Government Sinks Nearly $350 Million For Failed Study On Opioid-Related Deaths

( — On Sunday, June 16, the National Institutes of Health (NIH) published a news release regarding the $344 million study to reduce opioid overdose deaths.

Called the Helping End Addiction Long-term (HEALing) Communities Study, the program was a 12-month trial. The purpose was to study the effects of 615 “evidence-based” strategies to combat the ever-rising mortality rates related to fentanyl and other opioids. However, the results were disappointing and found no statistically significant difference between the intervention communities and the control communities.

The program focused on 34 communities in Kentucky, Massachusetts, New York, and Ohio that received the interventions (34 communities) starting in 2020. The 33 control communities also received the interventions, which began in 2022. The strategies covered a variety of methods. They worked to reduce restrictions around medications like methadone and buprenorphine to make them more accessible. A focus on health care providers, as well as prisons and jails, allowed them to implement strategies where they were most needed. Improved distribution of naloxone to reverse opioid overdoses, as well as education concerning the prescription of opioids, were also key to the program.
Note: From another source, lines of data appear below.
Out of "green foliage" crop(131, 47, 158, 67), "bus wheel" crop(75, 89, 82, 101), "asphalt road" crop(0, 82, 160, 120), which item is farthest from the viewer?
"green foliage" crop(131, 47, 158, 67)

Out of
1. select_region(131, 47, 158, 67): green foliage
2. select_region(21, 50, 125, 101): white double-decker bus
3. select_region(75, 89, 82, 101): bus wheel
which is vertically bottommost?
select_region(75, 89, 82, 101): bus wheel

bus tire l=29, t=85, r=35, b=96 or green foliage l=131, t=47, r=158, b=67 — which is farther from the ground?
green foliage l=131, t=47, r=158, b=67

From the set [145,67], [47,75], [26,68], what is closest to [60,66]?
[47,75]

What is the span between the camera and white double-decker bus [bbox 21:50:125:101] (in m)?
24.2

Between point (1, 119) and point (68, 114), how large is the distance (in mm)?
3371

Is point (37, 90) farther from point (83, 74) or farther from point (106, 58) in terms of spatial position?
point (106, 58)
Redonna Chandler, the National Institute on Drug Abuse official who directed the research project, suggests the program was significantly hampered by the pandemic. Researchers also say that the increased prevalence of fentanyl in the illegal drug market may have also affected the study. However, despite the lack of a clear-cut positive result, many are saying that the study was at least a partial success. The NIH claims that the study showed that communities can successfully implement evidence-based strategies at the local level. The National Institute on Drug Abuse director, Nora D. Volkow, M.D., commented that the study broke down barriers and brought researchers, providers, and communities together.
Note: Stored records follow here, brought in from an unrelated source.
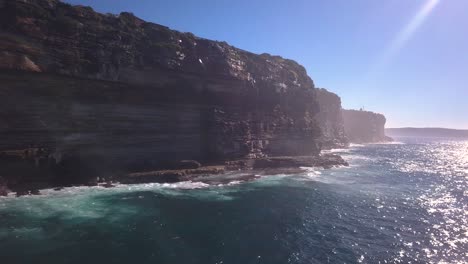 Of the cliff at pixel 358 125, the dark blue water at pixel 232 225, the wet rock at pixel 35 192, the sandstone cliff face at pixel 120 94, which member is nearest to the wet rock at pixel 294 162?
the sandstone cliff face at pixel 120 94

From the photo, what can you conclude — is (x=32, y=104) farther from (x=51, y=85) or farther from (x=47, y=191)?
(x=47, y=191)

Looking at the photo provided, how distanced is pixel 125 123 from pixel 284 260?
33.3 m

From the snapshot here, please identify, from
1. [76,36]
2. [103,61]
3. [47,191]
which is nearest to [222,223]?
[47,191]

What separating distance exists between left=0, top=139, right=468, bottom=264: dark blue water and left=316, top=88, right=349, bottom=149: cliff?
84.0 meters

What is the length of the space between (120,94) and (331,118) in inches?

While some are dismayed that such an expensive and time-consuming program ultimately yielded such disappointing results, others believe that there was considerable value in what was accomplished. Miriam E. Delphin-Rittmon from the Substance Abuse and Mental Health Services Administration (SAMHSA) acknowledges there is no quick fix that will reduce opioid overdose deaths. However, she believes that the study’s successful implementation of evidence-based strategies reveals the potential to yield lifesaving results in the future.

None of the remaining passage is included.